A Lynching Far to the
North.
Southerners, so often lectured for the frequency with which they lynch
Negroes instead of trusting their own courts to be justly stern in the
punishment of proven crime, will be sure to call the attention of their critics
to what happened in Duluth this week when the indignation of the citizens there
was turned to rage by the commission of the offense that does the same thing in
the South.
In that very Northern city matters took the familiar course, but
there were certain variations which may or may not have been due to the
moderating effects on temper of a high latitude. For one thing the mob, in its
attack on the jail, seemingly was not armed with deadly weapons. At any rate it
did not use any of them but overcame the resistance of the jailers and the
police with sticks and stones and streams of water from a hose. And after the
cells had been broken open and the prisoners seized, there was at least the
semblance of judicial proceedings. It was evidently a brief trial that the six
accused men received, but there must have been the taking of some sort of
evidence, for three of the Negroes were spared and only three taken out into the
street and hanged.
For a mob that showed a surprising regard for the forms
of law, for as an almost invariable rule in lynching accusation is treated as
proof of guilt and for the presentation of a defense no opportunity is
given.
In Duluth, as so often in the South, the resistance to the mob
offered by the local authorities must have been halfhearted, or worse, otherwise
it would not have been so ineffectual, and the storming of the jail would have
been accompanied with fatalities among its assailants.

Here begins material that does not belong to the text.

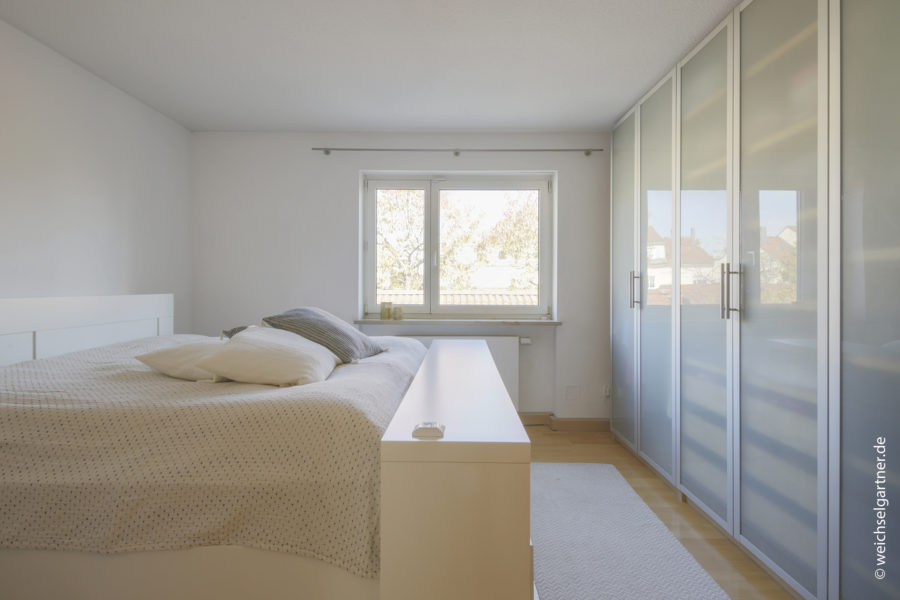 Ansprechendes Reiheneckhaus in familienfreundlicher Lage – Erbbaurecht - Schlafzimmer im Obergeschoss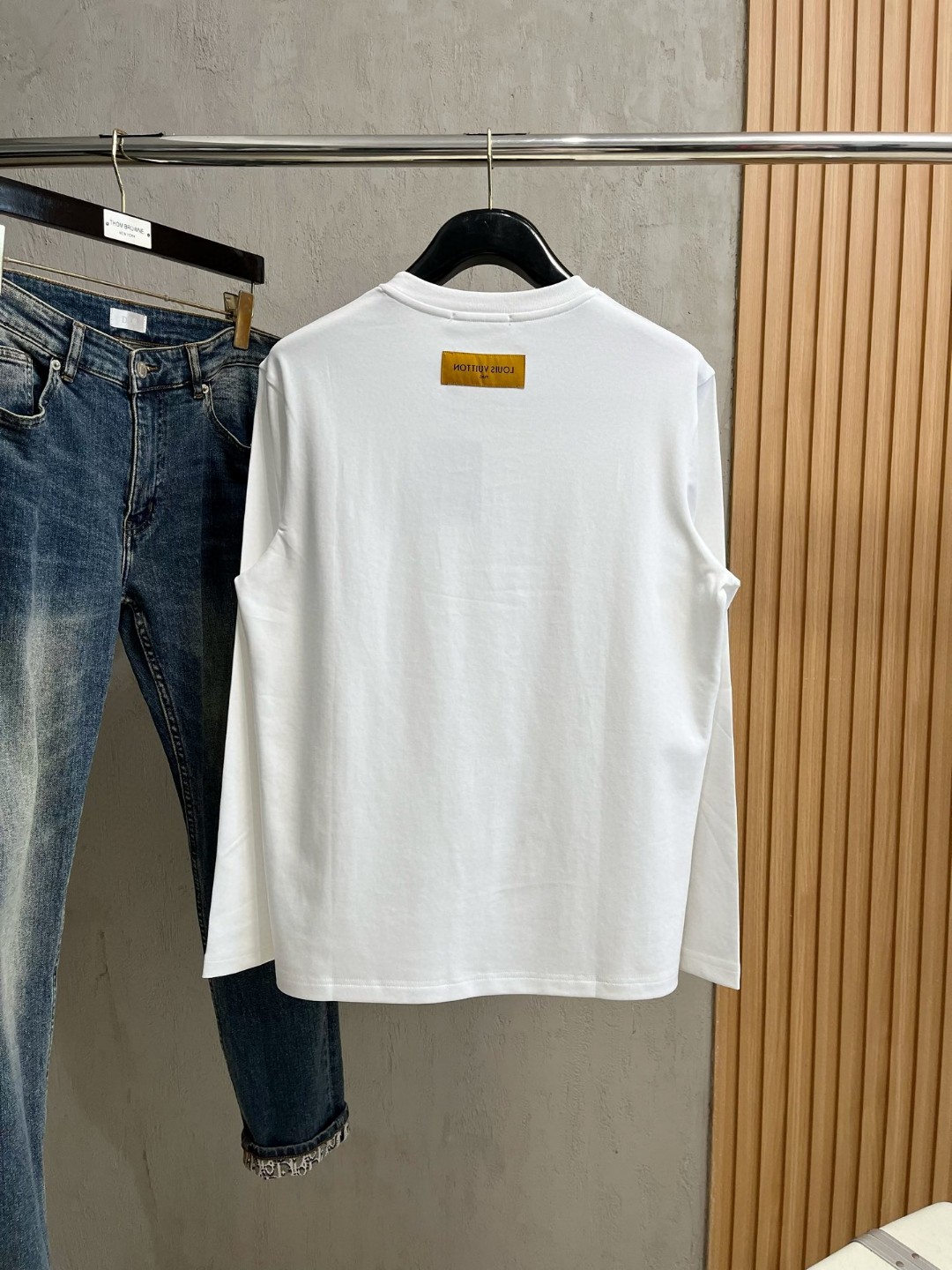 LV高仿男士白色LV紅藍字母T恤 小圖樣百搭簡約風格款｜歐美奢侈品精品推薦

They Lacked Even a Poor Excuse.
No valid or even colorable claim in behalf of Duluth can be based on the
fact that three of the six Negroes were spared by the executors of “wild
justice.” In that city and State there can be no pretense that the white
population is under any general menace from a black majority. Anything like a
real racial conflict there is unimaginable, and for the infliction of summary
vengeance on Negro criminals there is not the excuse which has something of
plausibility in some parts of the South the excuse that thus only can punishment
have the deferrent effect on which the safety of the whites and their women
depends.
That excuse is a poor one anywhere but in the North it is so poor
that probably nobody would venture to offer it as mitigating the guilt of resort
to lynch law.
Of course the lynching of Negroes in Duluth is far from being
the first that has occurred in the North. Human nature is much the same in both
sections of the country and in both there is appreciation of the fact that mob
violence is never justifiable and is always disgraceful to those who participate
in it and to those who permit it. Probably one difference does exist–a
difference in the likelihood that the lynchers will be punished. Even that is a
dubious likelihood, and certainly nothing like all of the 5,000 inhabitants of
Duluth who took some part in this lynching will pay any penalty for what they
did, though they are all as guilty, morally, as those who pulled the avenging
ropes.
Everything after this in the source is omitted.